News|Videos|December 6, 2025

Choosing salvage therapy after prostate cancer focal ablation

Fact checked by: Hannah Clarke

For patients undergoing salvage surgery or radiation, Kelly L. Stratton, MD, FACS, notes that previous focal therapy can influence outcomes.

Among the sessions featured at the 2025 Society of Urologic Oncology Annual Meeting in Phoenix, Arizona, was a case discussion, “Recurrence after Focal Therapy and Salvage Prostatectomy.” In this video interview, Kelly L. Stratton, MD, FACS, an assistant professor of urologic oncology in the University of Oklahoma Department of Urology and an adjunct assistant professor of medical oncology at the Stephenson Cancer Center, explains that although focal therapy for prostate cancer is increasingly popular, some patients will experience persistent or recurrent cancer, making salvage treatment an important topic. The best salvage approach depends on several individualized factors:

• type of focal therapy received and extent of prostate tissue treated

• characteristics of the recurrence (location, risk category, imaging appearance)

• changes caused by the initial ablation, such as prostate shrinkage, which may affect the feasibility and complexity of salvage surgery.

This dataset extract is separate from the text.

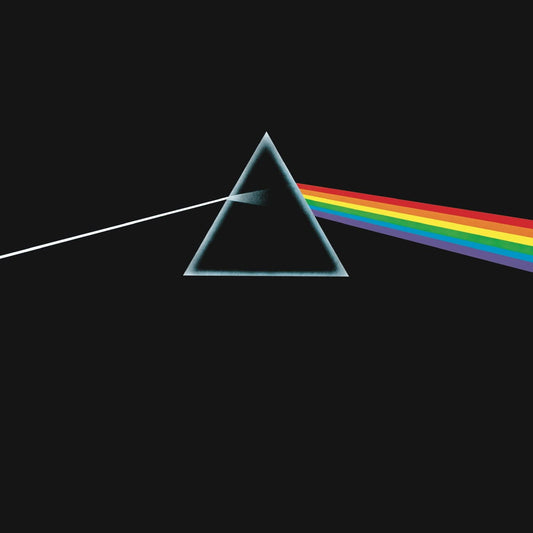 Pink Floyd/Dark Side Of The Moon [LP]
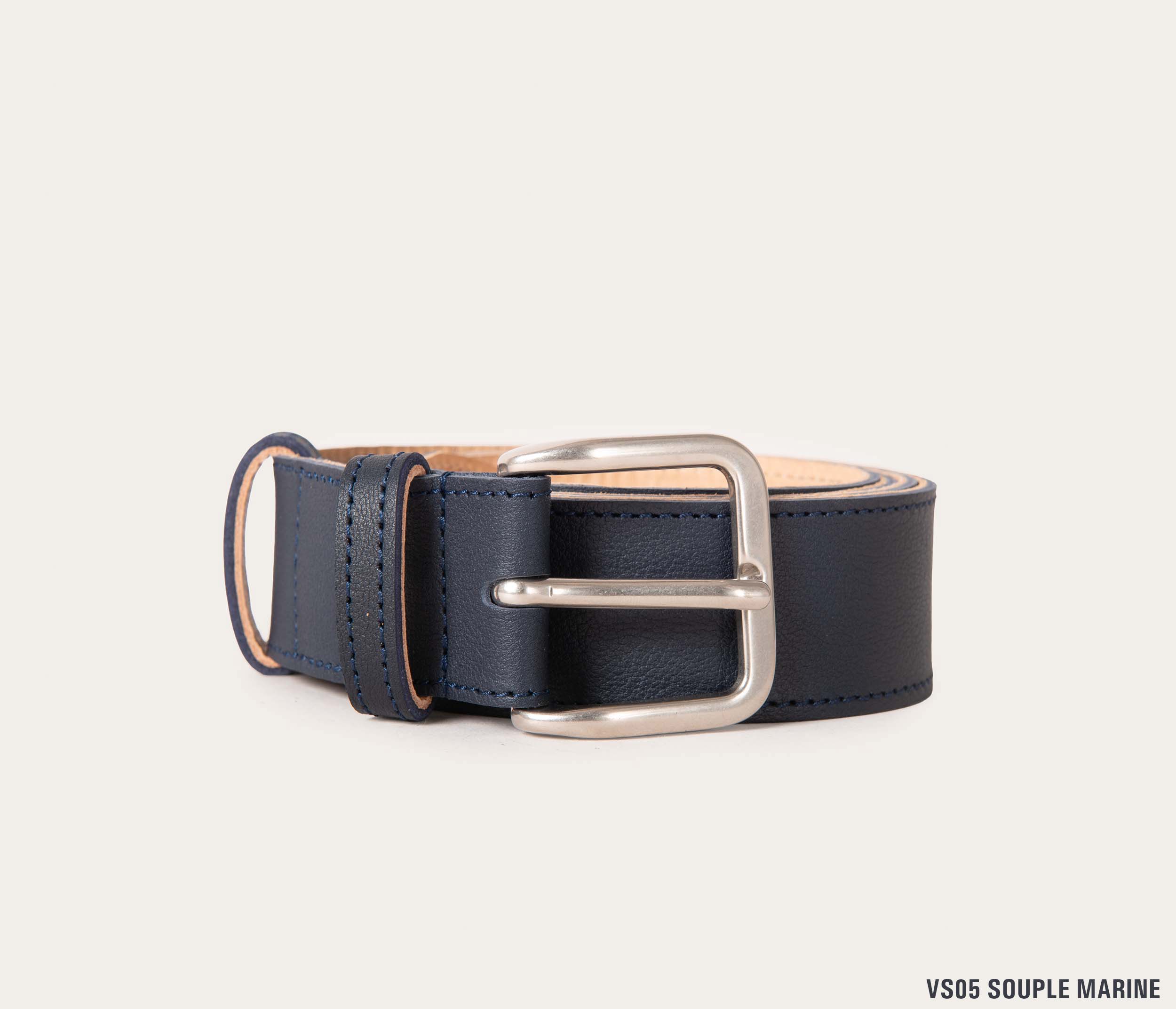 Ceinture 35mm Personnalisable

Stratton emphasizes a personalized approach: evaluating imaging (including MRI and prostate-specific membrane antigen [PSMA]-PET), performing targeted biopsy to confirm recurrence, and assessing whether the disease has spread. Options may include:

• active surveillance

• repeat focal/ablative therapy

• radiation therapy

• salvage prostatectomy.

For patients undergoing salvage surgery or radiation, he notes that previous focal therapy can influence outcomes. Urinary control after salvage prostatectomy is often similar to primary surgery, but nerve preservation may be more difficult due to tissue changes from the ablation.

Stratton stresses the importance of reviewing the patient’s pre-treatment disease features, changes after ablation, and aligning treatment decisions with goals such as cancer control, quality of life, continence, and erectile function. Advances in imaging—especially PSMA-PET—help determine whether repeat focal therapy is appropriate or whether patients should transition to whole-gland treatments like surgery or radiation.